Exercise directions. Only an exact copy of the lines from the one containing "2024 Summer Sexy" through the last line of the material below belongs in the answer, with no pictures.

Supplied information.
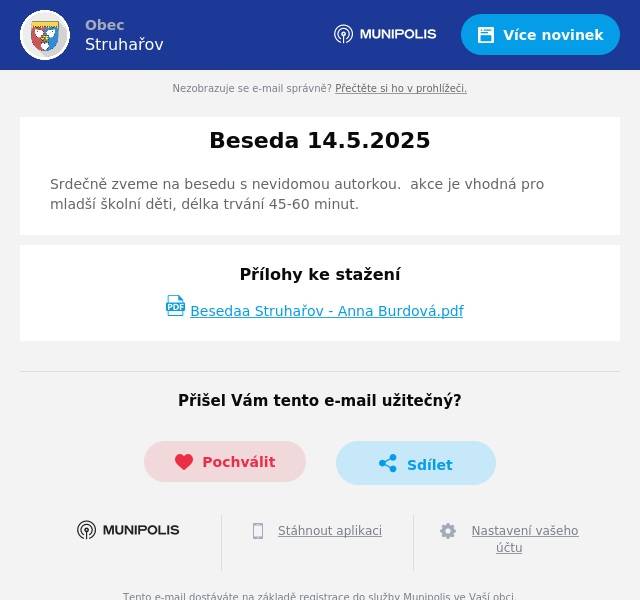 Srdečně zveme na besedu s nevidomou autorkou.  akce je vhodná pro mladší školní děti, délka trvání 45-60 minut.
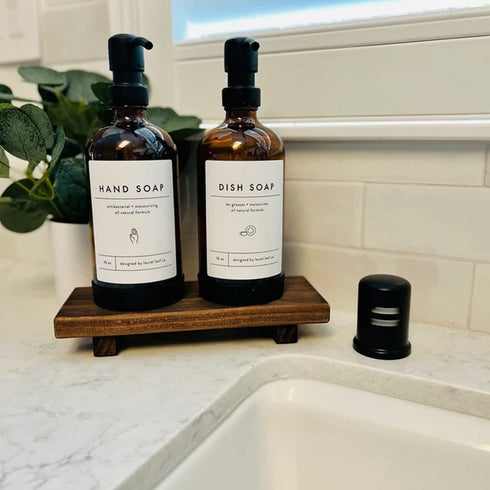 Counter Wood Pedestal Soap Stand, Farmhouse Wood Riser, Soap Dish Holder/Tray Decor for Bathroom Kitchen, Rustic Candle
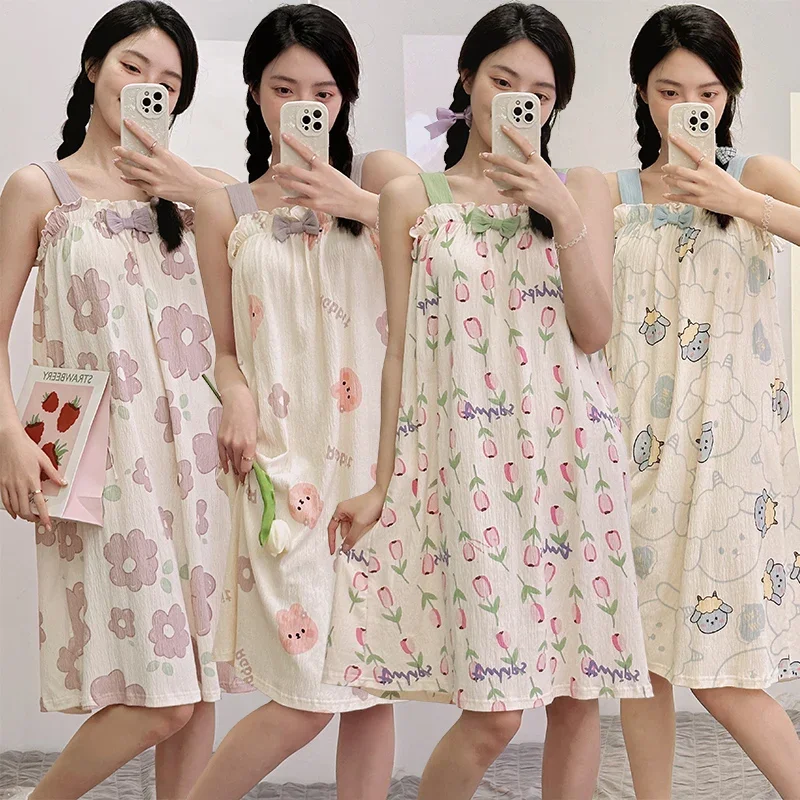 2024 Summer Sexy Lingerie Spaghetti Strap Cotton Print Nightgowns for Women Korean Cute Sleepwear Nightdress Night Dress Nighty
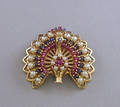 14kt Gold Gemstone and Seed Pearl Peacock Brooch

Answer area.
 2024 Summer Sexy Lingerie Spaghetti Strap Cotton Print Nightgowns for Women Korean Cute Sleepwear Nightdress Night Dress Nighty
 14kt Gold Gemstone and Seed Pearl Peacock Brooch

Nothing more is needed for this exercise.